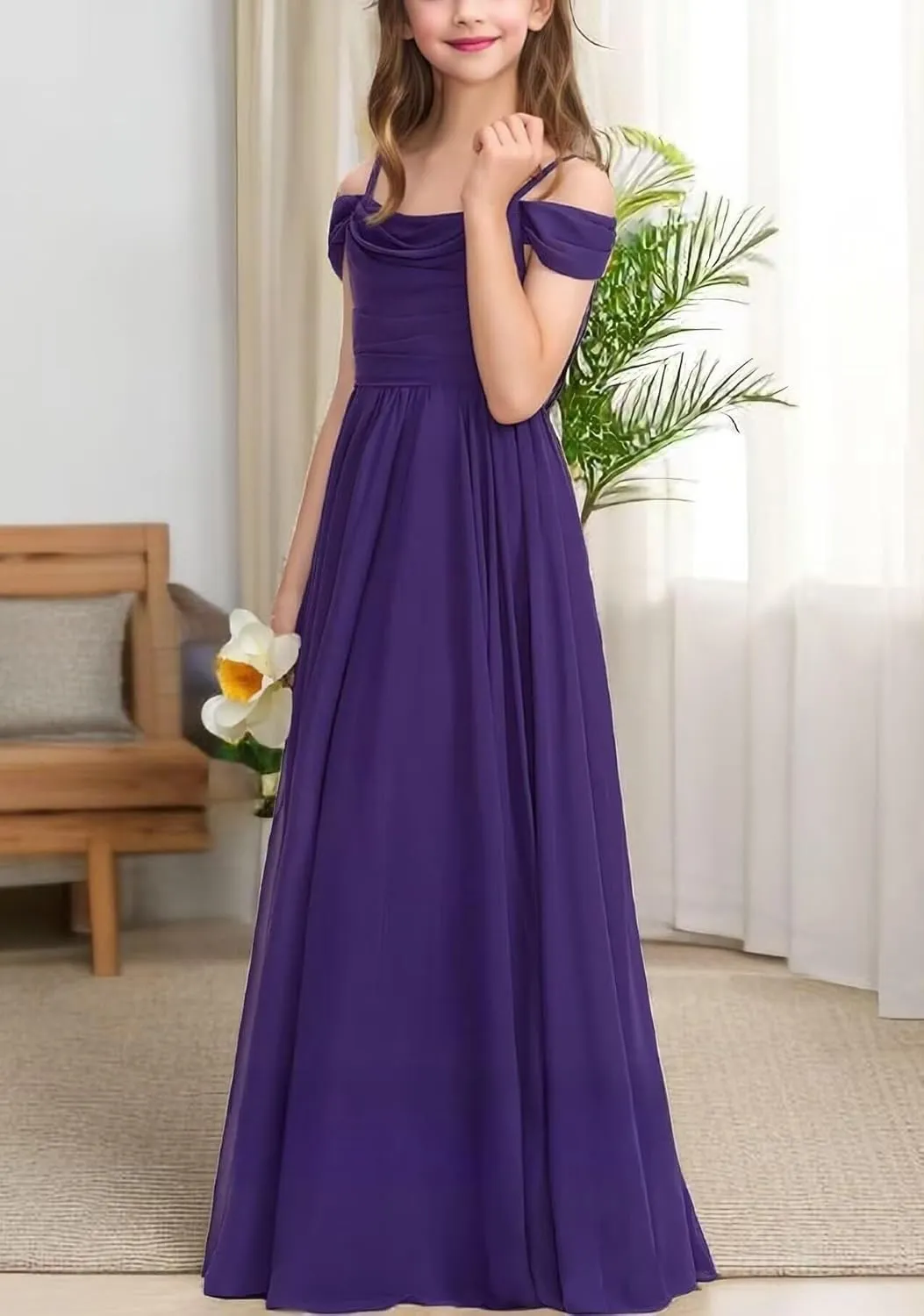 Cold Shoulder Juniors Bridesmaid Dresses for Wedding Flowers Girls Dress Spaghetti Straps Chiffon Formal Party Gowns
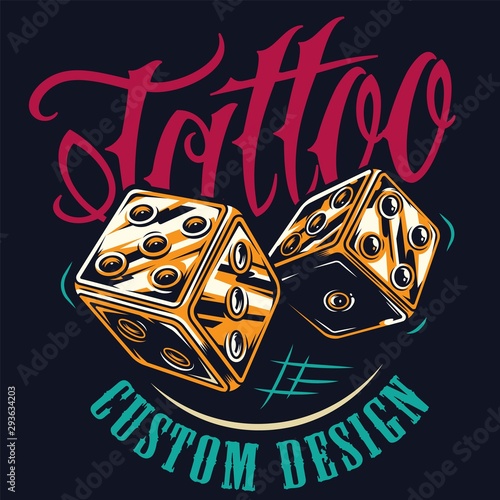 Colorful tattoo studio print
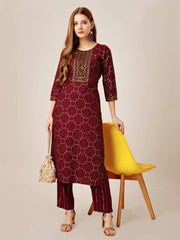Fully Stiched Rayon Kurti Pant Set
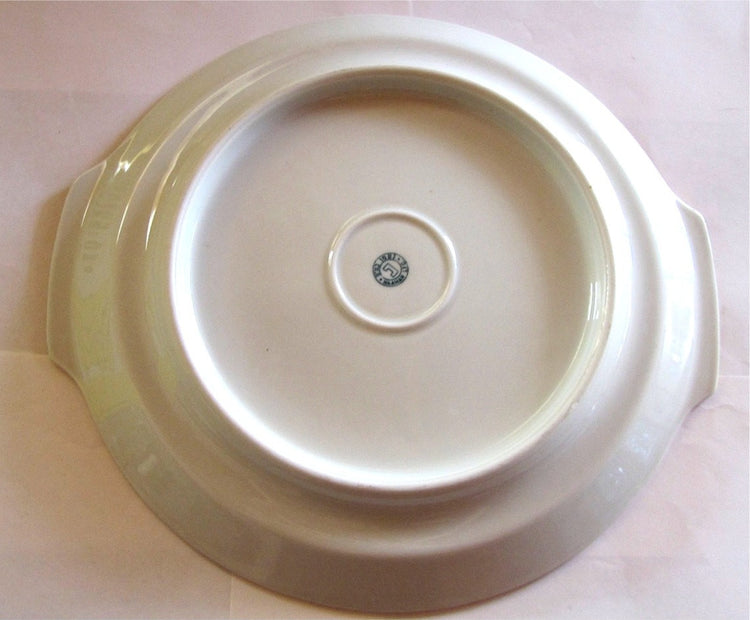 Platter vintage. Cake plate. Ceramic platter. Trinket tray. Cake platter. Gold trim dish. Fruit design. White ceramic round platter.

--

→ What is expected
In your copy of the material, every word must match and no image should appear.

→ Reply
 Cold Shoulder Juniors Bridesmaid Dresses for Wedding Flowers Girls Dress Spaghetti Straps Chiffon Formal Party Gowns
 Colorful tattoo studio print
Fully Stiched Rayon Kurti Pant Set
 Platter vintage. Cake plate. Ceramic platter. Trinket tray. Cake platter. Gold trim dish. Fruit design. White ceramic round platter.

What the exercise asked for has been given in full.